The challenge is global. In meetings with government officials from former Soviet countries, we discussed efforts to close large institutions in favor of community-based living. Despite the international community calling on governments to deinstitutionalize and the internal desire of these governments to close these institutions, a larger problem of how to change the mindset of parents with children with disabilities looms. Policies alone cannot succeed if parental attitudes remain trapped in fear. Parents naturally want to protect their children, but fear and the social stigma that often accompanies disability can unintentionally limit opportunity. Around the world, harmful practices persist: children are shackled, excluded, or hidden because families lack guidance or support. Change begins not with law alone, but with how parents perceive the worth and potential of their child.

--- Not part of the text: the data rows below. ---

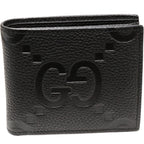 Gucci Calf Jumbo GG Coin Wallet Bi-fold Wallet 739479 AABY0 1000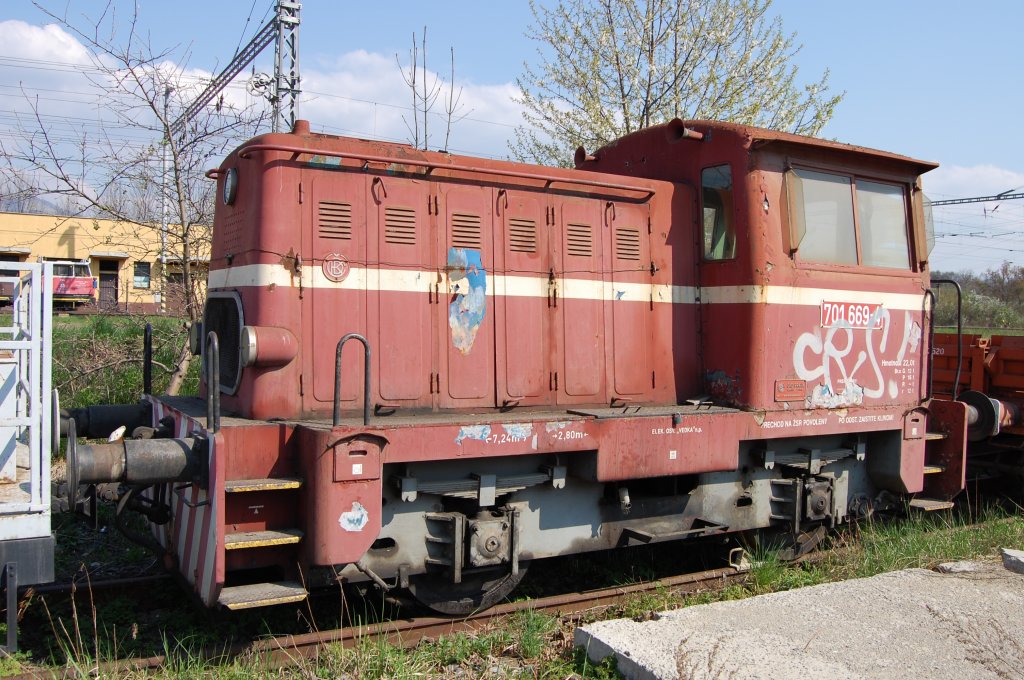 701 669-4, Bansk Bystrica/Neusohl, 18.04.2011; Besitzer: Slovensk tunely, a. s. (Tunnelbau-AG); Hersteller: ČKD Praha, Baujahr 1961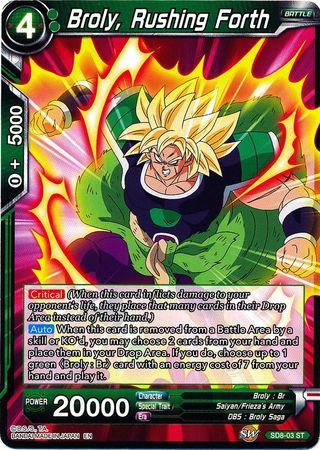 Broly, Rushing Forth (Starter Deck - Rising Broly) (SD8-03) [Destroyer Kings] - POKÉ JEUX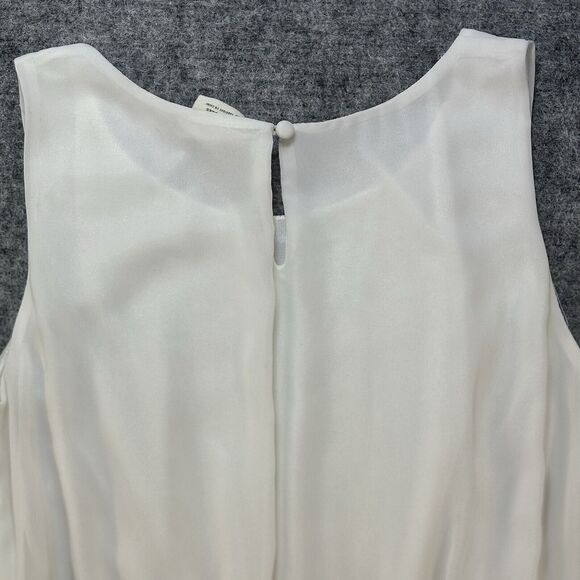 ANTHROPOLOGIE Pins and Needles Dress Women Medium Cream Sparkle Lace Stretch - Picture 11 of 14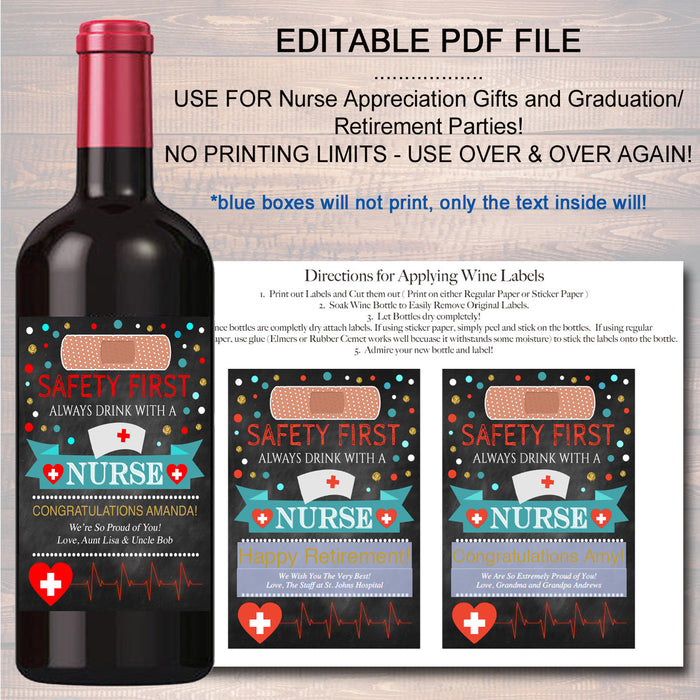 Nurse Graduation Set - Printables, Decor, Signs, Labels — TidyLady Printables nurse-graduation-set-printables-decor-signs-labels-tidylady-printables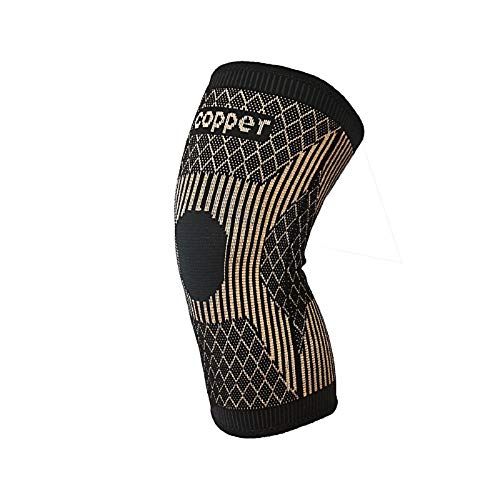 SHENGYADE Copper Knee Brace -Copper Knee Sleeve Compression For Sports,Workout,Arthritis Pain Relief and Support-Single (M)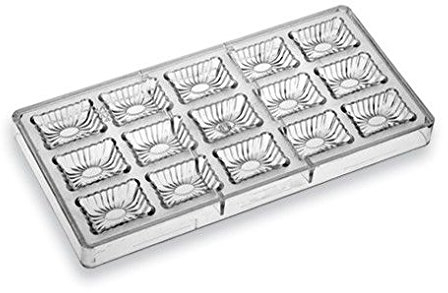 Torten Deko Shop Pralinenform Raupe, Silikon, Rechteckig, Silber, 4x3x1cm, 12 ml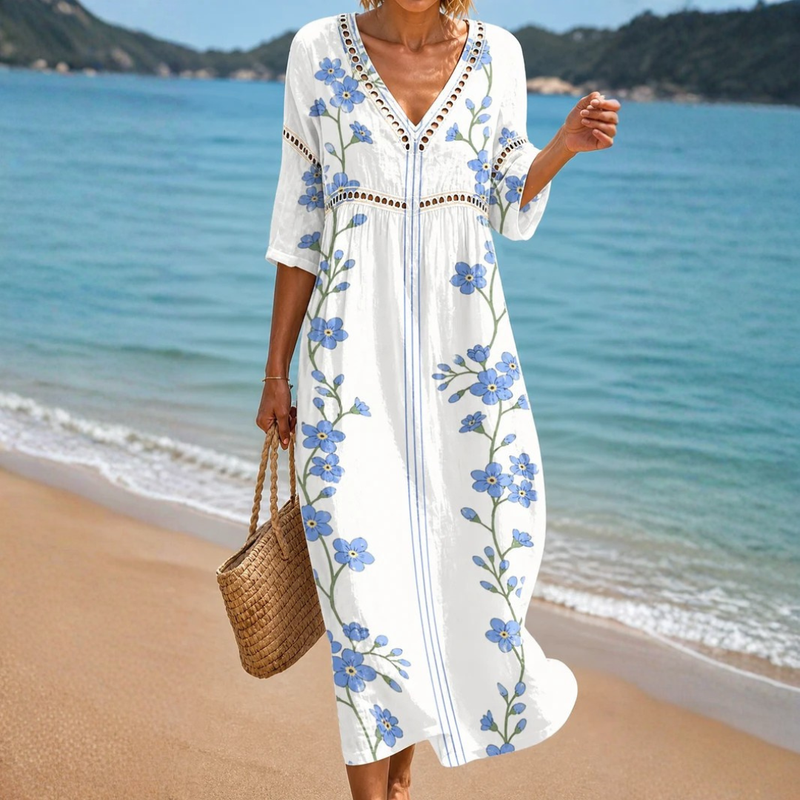 Jenor | Soft Floral Midi Dress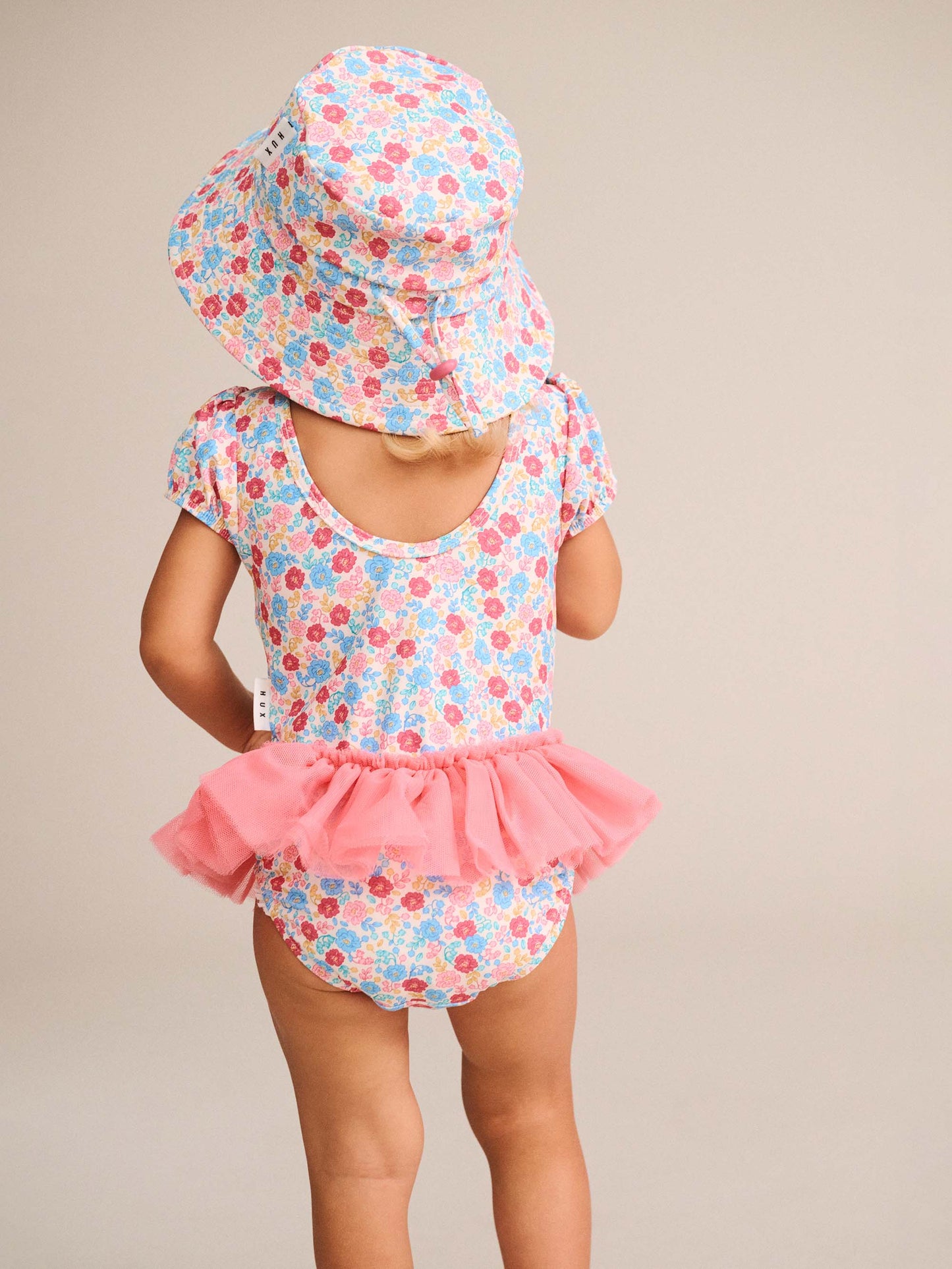 Huxbaby Vintage Floral Swim Hat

Behavioral economics offers surprisingly practical ways to shift behavior without shaming anyone. For starters, fear can be reframed. Parents are exquisitely loss-averse, so instead of highlighting what could go wrong, we can focus on what might be lost: “Avoiding age-appropriate experiences now can quietly limit independence later.” Growth can be made the default: automatic inclusion in activities, short trial periods, and a presumption of competence allow for parents to take a first step.

Clarity reduces fear. Rather than vague encouragement, concrete pathways help parents understand exactly what will happen, with safety nets in place: “Here’s what happens on day one, week three, and if it doesn’t work.” Peer stories matter more than expert advice—parents trust other parents who share their experience. Hearing that “we didn’t think our child was ready either” and “here is how we navigated the barriers” can normalize risk and make inclusion feel possible.

It’s important to acknowledge that a parents’ natural instinct is to protect their child. Rather than telling a parent that they shouldn’t be so protective, we can redirect. Instead of “letting go,” parents can “add supports so their child can try.” Instead of “pushing,” they can “practice independence safely.” Small, time-bound experiments can build confidence, reshape beliefs, and create momentum. And professionals must model the right behavior; over-cautious language or deficit-focused reports inadvertently reinforce parental fear.

Parents aren’t holding their children back intentionally, they’re responding rationally to systems that over-penalize risk and under-support growth. Behavior change rarely happens all at once. It unfolds gradually through repeated experiences, small successes, and supportive structures. Over time, habits shift, expectations rise, and even identity transforms.

At its core, this isn’t just about parenting or policy—it’s about designing environments that unlock human potential. When growth is easier and safer than caution, children with disabilities can thrive. Parents, freed from fear, can act with both love and possibility. And the world begins to see, not just what could go wrong, but everything that could go right.